** Opening Material supplied block **

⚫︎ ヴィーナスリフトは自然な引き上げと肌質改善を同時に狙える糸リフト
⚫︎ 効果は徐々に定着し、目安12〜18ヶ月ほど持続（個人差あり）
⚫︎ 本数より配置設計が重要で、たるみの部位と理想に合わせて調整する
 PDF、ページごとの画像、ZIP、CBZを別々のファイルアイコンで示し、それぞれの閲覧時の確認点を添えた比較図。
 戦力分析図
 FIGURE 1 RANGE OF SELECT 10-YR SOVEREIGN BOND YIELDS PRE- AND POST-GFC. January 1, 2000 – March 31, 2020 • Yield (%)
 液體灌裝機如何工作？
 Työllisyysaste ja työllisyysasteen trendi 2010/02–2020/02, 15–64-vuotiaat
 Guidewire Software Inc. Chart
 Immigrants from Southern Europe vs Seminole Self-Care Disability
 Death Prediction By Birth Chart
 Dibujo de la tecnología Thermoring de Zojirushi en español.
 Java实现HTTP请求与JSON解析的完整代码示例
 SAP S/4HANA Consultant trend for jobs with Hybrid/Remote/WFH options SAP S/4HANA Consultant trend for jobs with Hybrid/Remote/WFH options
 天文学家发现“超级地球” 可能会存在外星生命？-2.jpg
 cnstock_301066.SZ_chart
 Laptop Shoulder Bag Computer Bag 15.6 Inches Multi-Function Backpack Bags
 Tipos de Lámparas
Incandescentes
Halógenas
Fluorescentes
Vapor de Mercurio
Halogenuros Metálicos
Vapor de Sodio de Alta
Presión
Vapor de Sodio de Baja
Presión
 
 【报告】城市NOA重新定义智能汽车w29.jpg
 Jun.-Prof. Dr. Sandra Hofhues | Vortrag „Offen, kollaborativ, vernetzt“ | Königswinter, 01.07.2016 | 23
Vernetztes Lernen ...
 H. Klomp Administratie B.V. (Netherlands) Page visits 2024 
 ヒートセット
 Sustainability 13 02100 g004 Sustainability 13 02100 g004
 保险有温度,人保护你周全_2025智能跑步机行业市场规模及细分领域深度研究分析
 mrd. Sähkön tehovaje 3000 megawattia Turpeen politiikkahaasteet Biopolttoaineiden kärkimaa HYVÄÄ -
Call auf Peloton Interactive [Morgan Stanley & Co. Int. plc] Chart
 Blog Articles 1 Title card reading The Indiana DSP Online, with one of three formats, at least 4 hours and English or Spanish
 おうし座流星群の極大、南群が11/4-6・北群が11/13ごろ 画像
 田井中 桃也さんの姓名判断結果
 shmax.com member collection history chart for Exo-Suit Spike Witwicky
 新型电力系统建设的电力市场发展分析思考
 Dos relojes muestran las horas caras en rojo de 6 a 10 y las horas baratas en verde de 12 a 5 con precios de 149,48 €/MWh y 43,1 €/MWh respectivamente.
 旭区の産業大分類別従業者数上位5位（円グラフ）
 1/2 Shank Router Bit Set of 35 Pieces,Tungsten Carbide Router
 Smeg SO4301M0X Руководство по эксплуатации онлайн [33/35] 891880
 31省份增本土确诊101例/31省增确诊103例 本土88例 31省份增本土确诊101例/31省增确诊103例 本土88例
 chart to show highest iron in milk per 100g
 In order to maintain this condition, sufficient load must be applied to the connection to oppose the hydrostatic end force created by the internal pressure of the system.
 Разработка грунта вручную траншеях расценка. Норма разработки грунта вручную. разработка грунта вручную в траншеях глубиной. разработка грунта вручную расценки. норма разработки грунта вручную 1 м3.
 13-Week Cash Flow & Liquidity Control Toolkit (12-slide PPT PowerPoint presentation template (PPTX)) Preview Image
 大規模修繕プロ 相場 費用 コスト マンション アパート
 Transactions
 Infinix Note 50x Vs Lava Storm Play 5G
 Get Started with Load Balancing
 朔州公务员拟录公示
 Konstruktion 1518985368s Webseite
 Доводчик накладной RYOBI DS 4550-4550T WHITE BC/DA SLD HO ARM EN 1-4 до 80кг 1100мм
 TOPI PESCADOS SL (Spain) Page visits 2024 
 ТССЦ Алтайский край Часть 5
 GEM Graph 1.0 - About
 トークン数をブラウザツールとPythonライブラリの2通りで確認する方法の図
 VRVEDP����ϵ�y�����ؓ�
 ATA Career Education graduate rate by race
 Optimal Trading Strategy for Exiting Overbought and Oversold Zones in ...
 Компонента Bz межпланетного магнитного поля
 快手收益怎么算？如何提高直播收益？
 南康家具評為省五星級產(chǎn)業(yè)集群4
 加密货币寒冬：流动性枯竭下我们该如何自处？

** Closing Material supplied block **

What the exercise asks
Copy every line from the records that holds the string "Sodio".

Solution to the problem
Vapor de Sodio de Alta
Vapor de Sodio de Baja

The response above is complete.